Şu an İstanbul Hadımköy Organize Sanayi Bölgesine yaklaşık 10.000 m2 kapalı alanlı ve toplamda 40.000 m2 yi bulan iki adet fabrika yatırımımız son hızla devam etmekte. Bunun yanı sıra Konya'daki Orman Ürünleri Tesisi'mize yeni bir pres hattı ve ilave tesisler yapıyoruz. Yine Ereğli yolu üzerindeki mermer ve granit tesislerimize de Konya'da ilk defa uygulanan büyük bir arıtma tesisi ilave ettik. Tüm bunların yanında Büsan Organize Sanayi Bölgesi'nde faaliyet gösteren Miradoor kapı fabrikamıza da yeni bir pres ilave ederek kapasitesini üç katına çıkarmış olduk.
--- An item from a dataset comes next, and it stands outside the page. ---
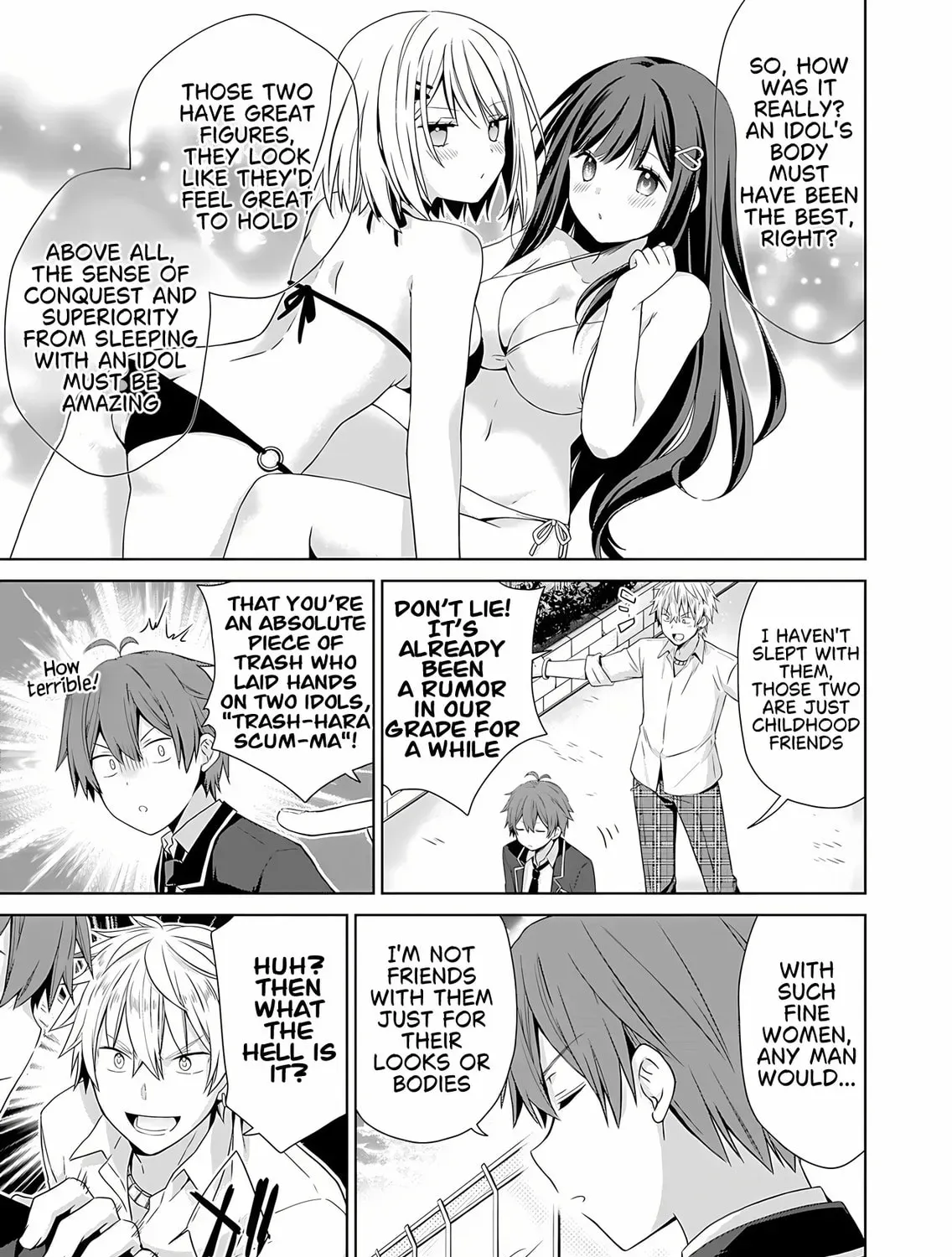 Osananajimi-tachi ga Ninki Idol ni Natta: Amaama na Kanojo-tachi wa Ore ni Mitsuide Kureteiru Chapter 1 page 55 -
Yatırımcılara neler tavsiye edersiniz?

Tüm yatırımcılara tavsiyemiz: daima üretmeleri, üretilen bu mamüllerin öncelikle yurtdışına satılmasını sağlamaları ve üretime destek olan sahalara yatırımlar yapmalarıdır. Çünkü Türkiye buna mecburdur. Üretmeyi, istihdam oluşturmayı hedefleyen ve ülkesini her şeyden daha çok seven Anadolu sanayicisine mutlaka destek verilmelidir.

2001-2002 yılında yatırımlarınızı, beklentilerinizi ve hedeflerinizi öğrenebilir miyiz.

2001-2002 sezonunda mevcut yatırımlarımızı ve özellikte İstanbul'da devam etmekte olan yeni tesis inşaatlarımızı devreye sokmayı düşünüyoruz. Bunun yanısıra özellikle bu dönemde stratejik hedeflerimizi gerçekleştirmek için gereken çalışmaları aralıksız sürdürmeyi ve mevcut ihracat potansiyelimizi daha da arttırarak yurtdışı pazarlarda etkin hale gelmeyi planlıyoruz. Ayrıca mevcut tesislerimizde üretimi arttırmaya, kaliteyi daha da üst seviyelere çıkarmaya yönelik birtakım modernizasyon ve revizyon çalışmalarımız devam edecek.

Türkiye'de böyle bir devalüasyon dönemi kaçınılmazdı. Bugün ise yüksek kurdan istifade ile hemen hemen bütün ürettiğimiz mamüllerimizi ihracata yönlendireceğiz ki, bu krizden toplum olarak en iyi şekilde çıkabilelim.

Nihai hedefimiz, Noya grubuna bağlı firmaları önümüzdeki beş yıl içinde sektörlerinde ilk ona giren firmalar konumuna yükseltebilmektir.